Istel gained momentum in the skydiving world, even managing to convince the International Parachuting Commission to hold theWorld Parachuting Championships in the United States in 1962, even though Americans weren’t taken seriously in the sport then. His company expanded over the years, becoming the country’s largest. He owned 17 airplanes, an airport between Los Angeles and San Diego, and even bought farms surrounding airports so he wouldn’t have to deal with potential lawsuits filed by local residents annoyed by the noisy planes. 

His influence in parachuting spread beyond just the sporting aspect of it. According to a Sports Illustrated article from 1962, “When Istel launched the sport in this country, the U.S. Army would not allow its paratroopers to [engage in free-fall parachuting]. Two years later, the Army was paying Istel to show them how to do it.”
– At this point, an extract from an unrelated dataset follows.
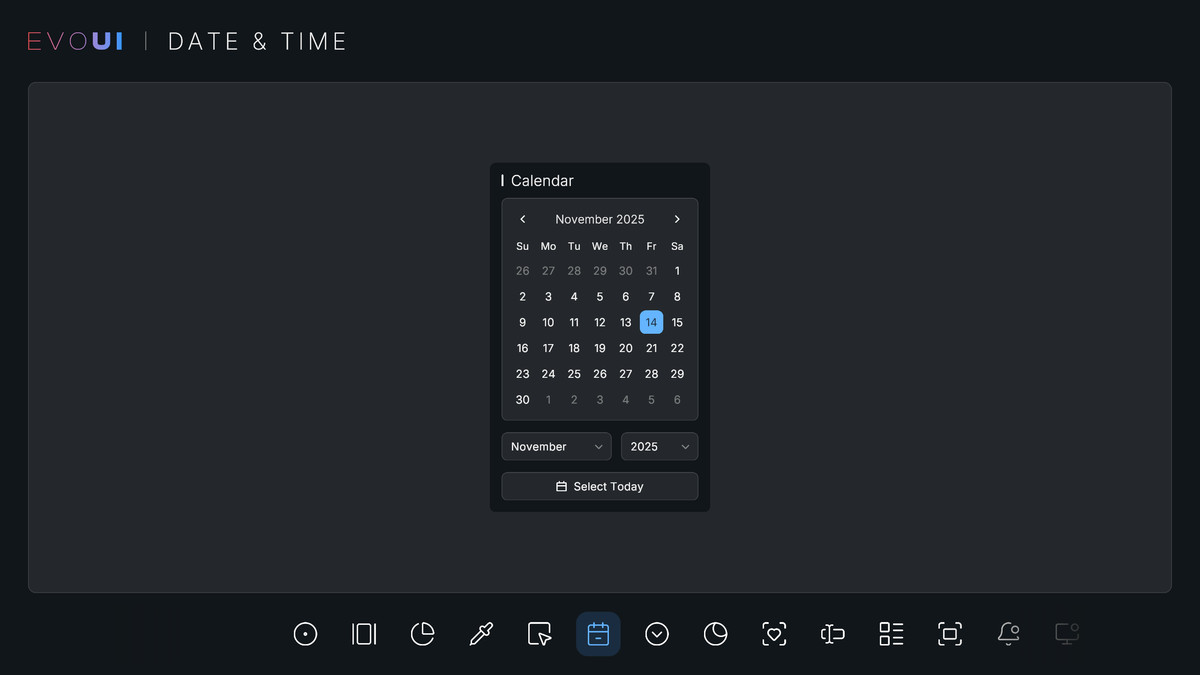 Evo UI - Modern UI Framework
It was around this time in Istel’s life that he met Lee, who was a journalist and an adventurer as well; Lee had a pilot’s license, reported on skiing and wrote columns in Sports Illustrated. In 1961, the magazine sent Lee to interview Istel, but he says he “interviewed her back quite seriously.”
 
The two have been married now for 44 years. Istel says, “My only objection I have to her is that she’s made 44 years go by like 44 minutes. She’s a very interesting and entertaining woman.” (Lee declined to be interviewed for this story.)
 
After 26 years of building his parachuting empire, Istel left his career, believing he had stayed in the business for too long. “Enough is enough,” Istel says. “And I had bought some desert land and I told my wife we were going to sit in the desert and think of something to do.”

Marker for the Museum of History in Granite, Felicity | Brant Barger
Marker for the Museum of History in Granite | Brant Barger

"To Engrave in Granite Highlights of the Collective Memory of Humanity”
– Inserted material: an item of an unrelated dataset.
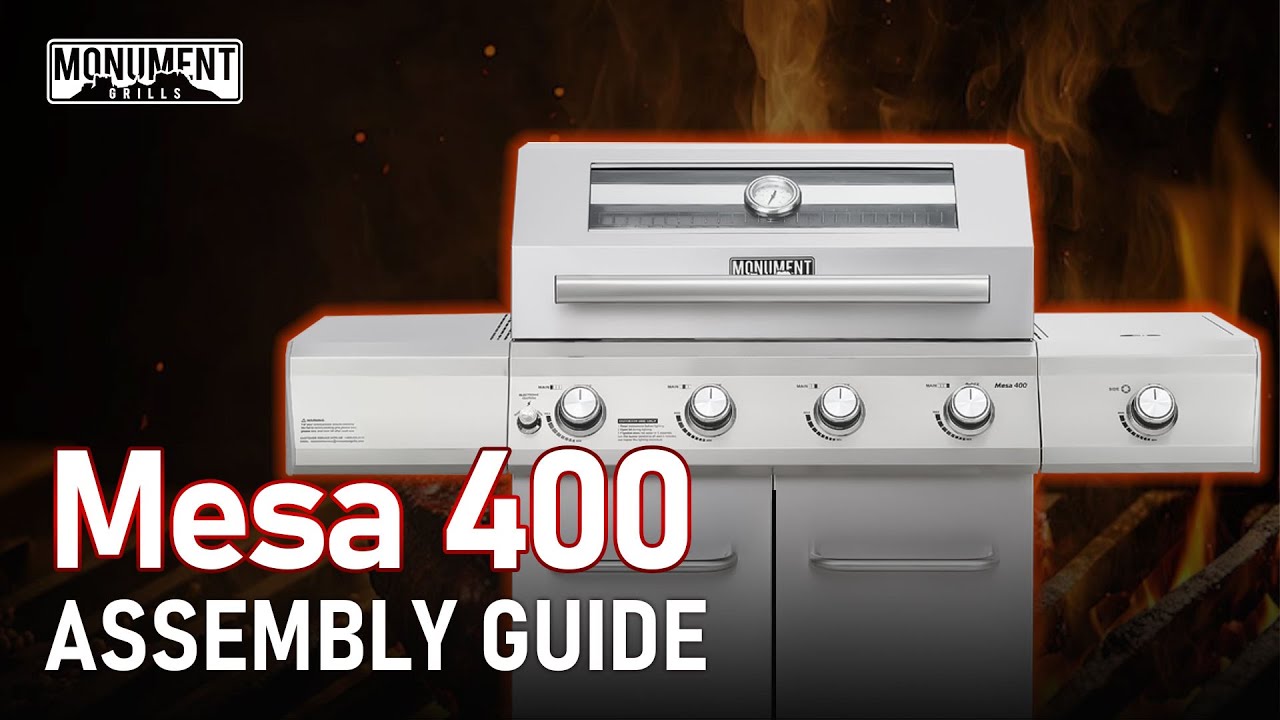 Model Mesa 400 Assembly Guide l Monument Grills - YouTube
There is 910 feet between the pyramid and the Church on the Hill. The space in between is filled with granite monuments, some 100 feet long and arranged symmetrically, all of which are part of the Museum of History in Granite. One section is fanned out like a compass rose and the other positioned in a partway zigzag pattern.
 
For Istel, this museum is the real central activity in Felicity and his true passion project. There is enough reading material on history engraved on these monuments to keep visitors busy for hours. (Istel meticulously researches the history and writes the text, having his wife help on proofreading.) Walk around the outdoor museum and you’ll find sections of the monuments divided into different categories, with topics covering the history of humanity, the United States, Arizona, California, the Foreign Legion, the U.S. Marine Corps Korean War legacy and the Hall of Fame of Parachuting. 
 
Istel’s efforts haven’t gone unrecognized. The states of New Hampshire and Arizona have nominated the museum as a World Heritage Site. University of California President Janet Napolitano penned a letter to Istel in 2015, writing, “You have created an amazing site with the Museum of History in Granite and have every reason to take pride in it. For my part, I am honored to be included on the panel of notable Arizonians, and I thank you for that.” 
 
Supervisor Ray Castillo of the Imperial County Board of Supervisors has lived in the area for all 69 years of his life. He remembers Felicity as being “nothing but dirt” before Istel and Lee came along. Whenever there are ribbon-cutting ceremonies at Felicity, Castillo fondly recalls that Istel will invite parachutists to come in and land at the events. “I’m just amazed by everything he’s done, all the improvements and the granite [monuments],” Castillo says. “I’ve been out there several times and it would take you several hours to read all the engravings he has out there.”
 
So far, 491 granite panels are engraved with text and etchings. Istel says they’ve finished engraving 53 percent of the monuments. He plans on completing the two-monument “Animals of the World” — which will consist of present and extinct animals and perhaps a few fictional ones from children's books — within the next year. Then they’ll focus on finishing up the History of Humanity, bringing all their existing monuments to 100 percent completion. 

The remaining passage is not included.